1962 Roman Catholic Daily Missal (published in 2005) lists them as:
- “To hear Mass on Sundays and hold days of obligation”
- 'To fast and abstain of the days commanded."
- “To confess our sins at least once a year.”
- “To receive the Blessed Eucharist at Easter or within the time appointed”
- “To contribute to the support of our Pastors”
- “Not to solemnize marriages at the forbidden times; nor to marry persons within the forbidden degrees of kindred, or otherwise prohibited by the Church, nor secretly.”
1945 Saint Andrew Daily Missal (published in 1998 as an reprint of a 1945 book) lists them as:
- “Attend Mass and abstain from servile work on Sundays, and Holy days of obligation.”
- “Fast and abstain on the days appointed”
- “Confess thy sins at least once a year.”
- “Receive Holly Communion at Easter time.”
- “Contribute to the support of the Church.”
The 3rd Plenary Council of Baltimore in 1884 issued it’s own list:
- “to keep the Sundays and Holy Days of obligation holy, by hearing Mass and resting from servile work”
- “to keep the days of fasting and abstinence appointed by the Church”
- “to go to confession at least once a year;to receive the Blessed Sacrament at least once a year and that at Easter or thereabouts”
- “to contribute to the support of our pastors”
- “not to marry within a certain degree of kindred nor to solemnize marriage at the forbidden times.”
and in 1973 I believe the United States Conference of Catholic Bishops (then called the NCCB) added:
6. " to join in the missionary spirit and apostolate of the Church."
All of the lists are similar but ordered and grouped differently and some contain precepts not found in others. If you look at passages in the Catechism you will see several footnotes where the CCC is just quoting it’s list of Precepts from 2 sources - CIC and CCEO. These are the 1983 Code of Canon Law and the 1990 Code of Canons of the Eastern Churches. These were the source for the Precepts for the Catechism and most likely the Daily Roman Missal.
The 1962 and 1945 Missals on the other hand would most likely have gotten their lists of precepts from the 1917 Code of Canon Law.
I don’t have any copies of any of the Codes of Canon Law but my guess is that it just mentions the precepts of the Church in a paragraph and not a numbered list.
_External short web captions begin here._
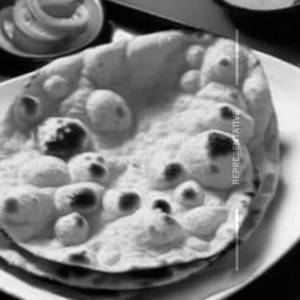 Plain tandoori roti
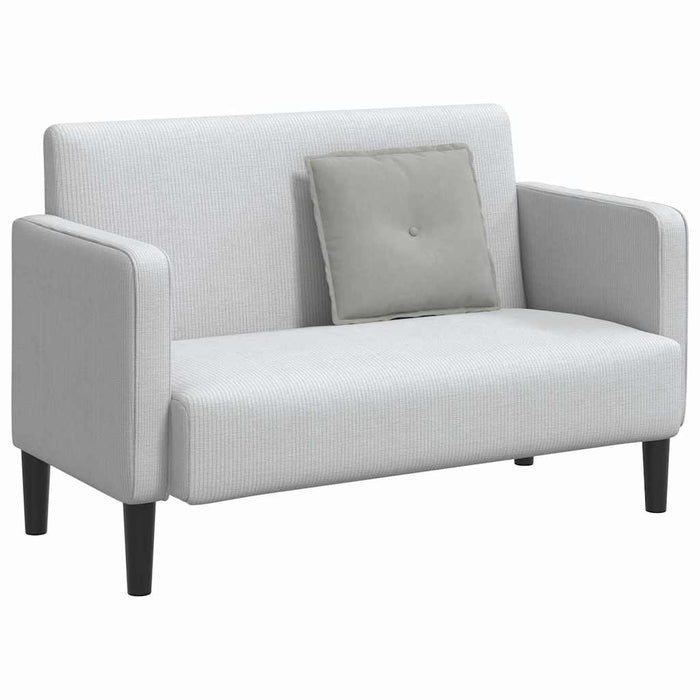 Cuscino per Schiena Grigio chiaro 50 x 45 cm 42014645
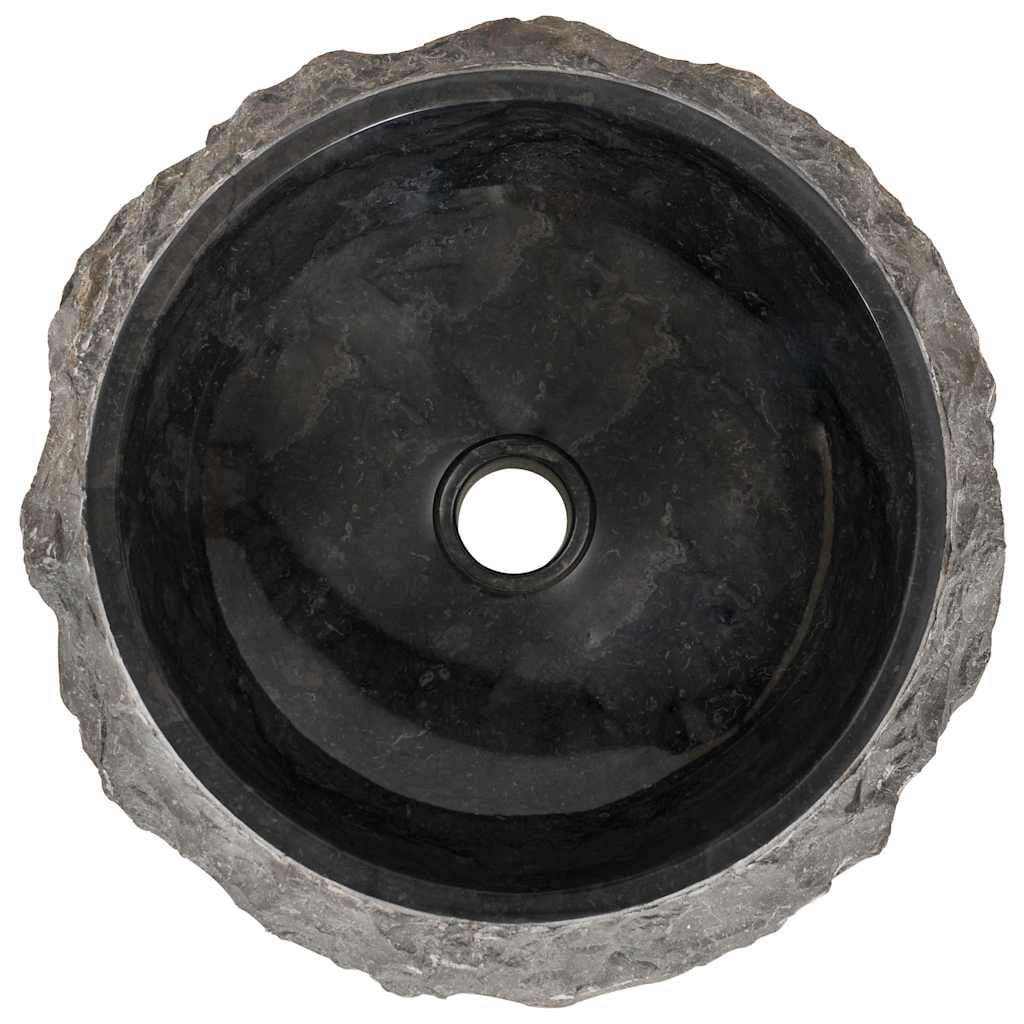 Lavandino 40x12 cm in Marmo Nero | homemem39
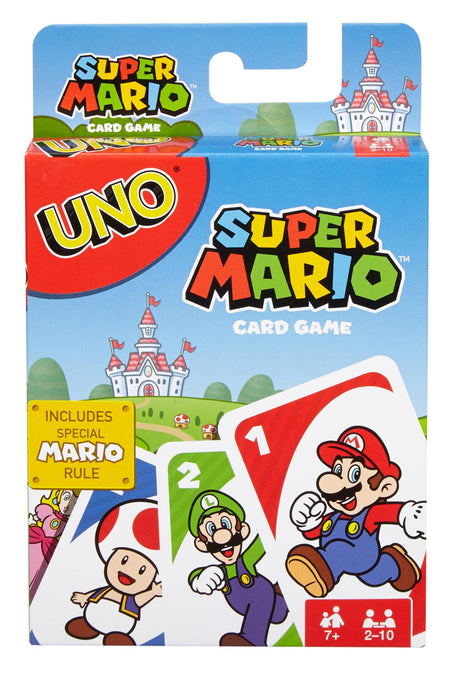 Mattel - Uno Super Mario Edition Mattel Games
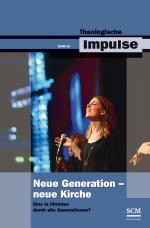 Cover-Bild Neue Generation - Neue Kirche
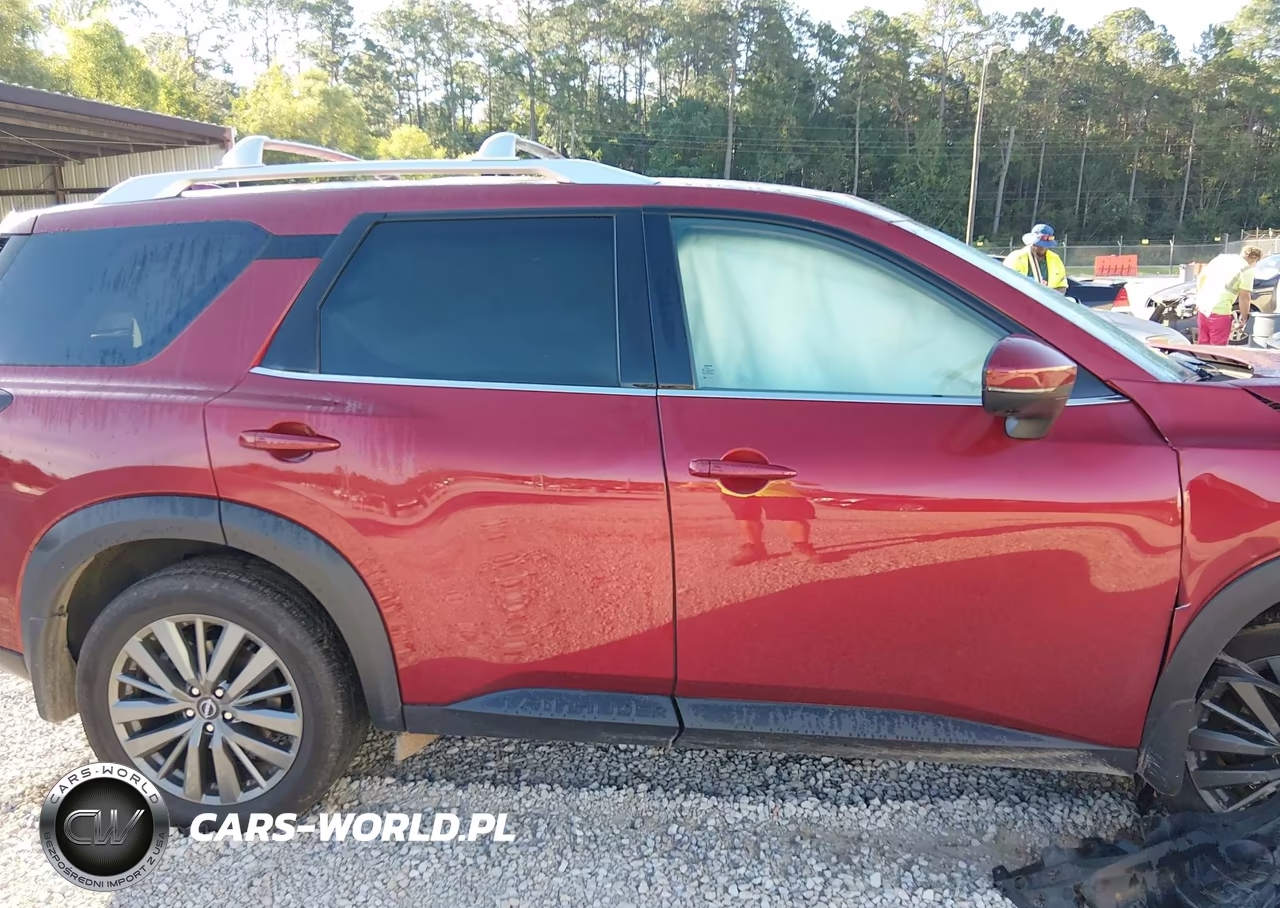 2025 Nissan Pathfinder Sl 4Wd VIN:5N1DR3CD5SC270118 - 14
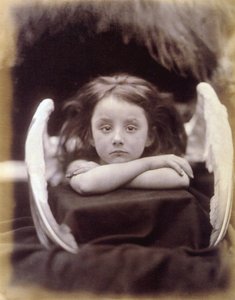 I Wait (Rachel Gurney como um Anjo) de Julia Margaret Cameron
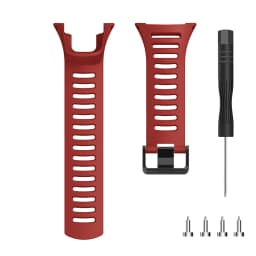 24mm Silicone Strap For Suunto Ambit Series 1/2/3 Watchband For SUUNTO AMBIT 1/2/2S/2R/3P/3S/3R Sport Watch Band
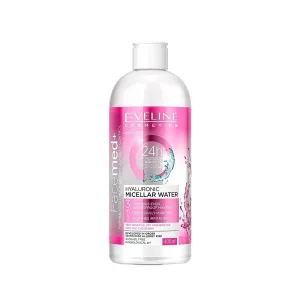 Eveline Cosmetics Hyaluronic Micellar Water, Effectively Purifies And Soothes, 500Ml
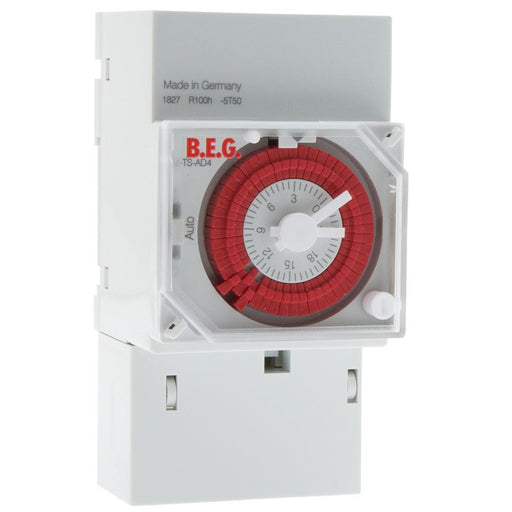 BEG Brück Electronic - Verteilerschaltuhr analog Zeitschaltuhr TS-AD4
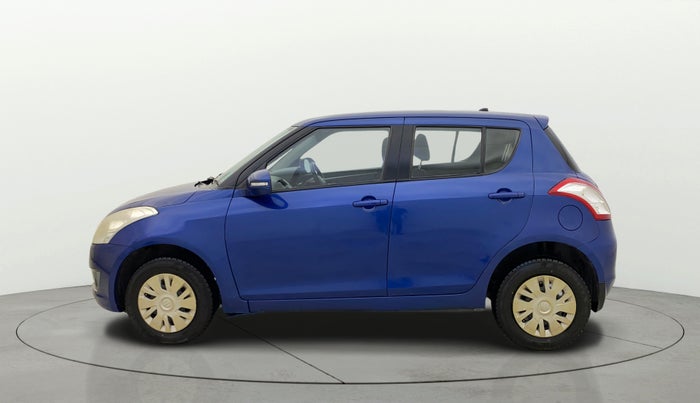 2013 Maruti Swift VXI, Petrol, Manual, 52,733 km, Left Side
And everyone just orders and groups them as they see fit.
So, these 3 books of Church laws are the ultimate source of the modern lists of the precepts. The problem is that there is no set list of the precepts in any of these books. They merely give the rights and the duties of all of the faithful. And people have taken some of the things that the Church says we are responsible for from these books and composed lists of precepts. But, different people naturally choose different things and state them differently.